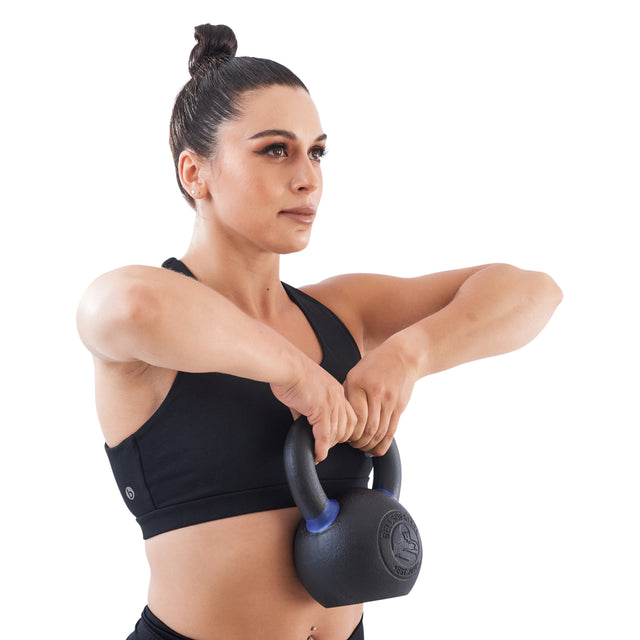 A woman with a strong grip lifts the Bells of Steel Powder Coated Kettlebell to chest height in an upright row against a plain white background.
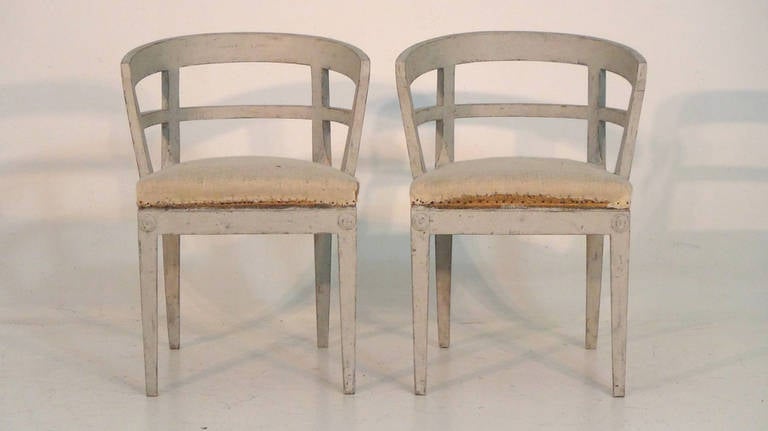 A pair of 19th century Swedish sulla chairs with original upholstery.  We absolutely love this unique and funky pair!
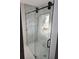 Modern walk-in shower with marble-look wall tiles, and sleek glass enclosure at 1427 Lorenzo Sw Dr, Atlanta, GA 30310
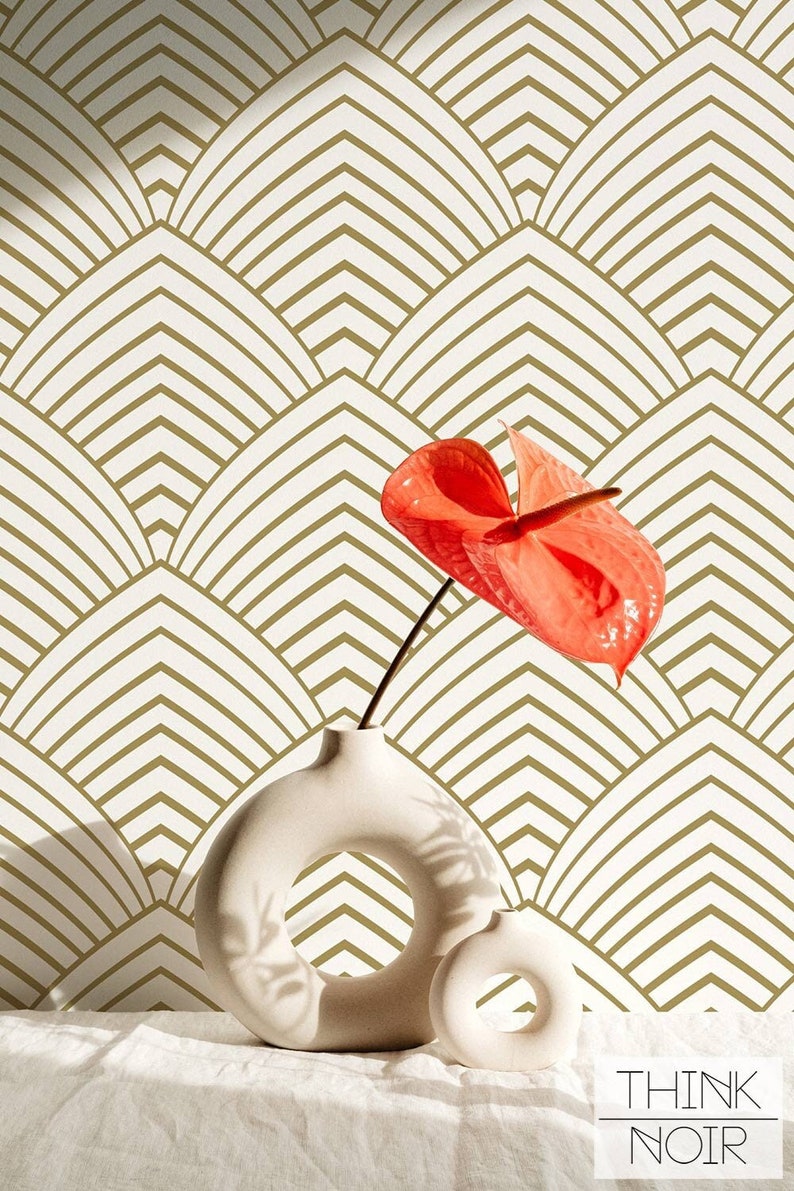Red flower in a cream color design vase on a linen table cloth with a modern art deco inspired pattern wallpaper in the background.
= = = = = = =
• **About this task**
Reproduce the data verbatim. Do not carry any picture into the copy.

• **Answer for this exercise**
 A woman with a strong grip lifts the Bells of Steel Powder Coated Kettlebell to chest height in an upright row against a plain white background.
 A pair of 19th century Swedish sulla chairs with original upholstery.  We absolutely love this unique and funky pair!
 Modern walk-in shower with marble-look wall tiles, and sleek glass enclosure at 1427 Lorenzo Sw Dr, Atlanta, GA 30310
Red flower in a cream color design vase on a linen table cloth with a modern art deco inspired pattern wallpaper in the background.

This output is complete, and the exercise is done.